"Without the concept of time, the fundamental principles of human experience-death, life, love, loss-could not exist, hence literature could not exist. A single day in London, kicked off by the need for flowers for a party, can unspool a narrative that moves both forward and backward to address the melancholy passage of time itself; or, alternately, a man may choose to visit a sanatorium for three weeks and leave seven years later, losing all sense of time's passage."
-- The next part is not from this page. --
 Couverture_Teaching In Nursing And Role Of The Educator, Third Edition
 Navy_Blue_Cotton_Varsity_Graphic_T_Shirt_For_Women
"This is the question animating Solvej Balle's On the Calculation of Volume, a septology of novels told from the vantage point of Tara Selter, an antiquarian bookseller forced to live through the same day, November 18, over and over again. Balle, a heavyweight in the Danish literary world since the late 1980s, has said in interviews that she came up with the idea of Calculation in 1987, six years before Groundhog Day popularized the trope of a person stuck in time."
Time underpins death, life, love and loss and thus enables literature by structuring human experience and narrative. Different narrative forms arise from specific interactions of time and space, a concept framed by the chronotope, where time thickens and space responds to movements of plot and history. The books center on Tara Selter, an antiquarian bookseller compelled to relive November 18 repeatedly, exploring how repetition, stalled chronology and temporal collapse affect memory, identity and meaning. The work engages experimental, cyclical temporality and reflects precedents in popular and theoretical treatments of time in fiction.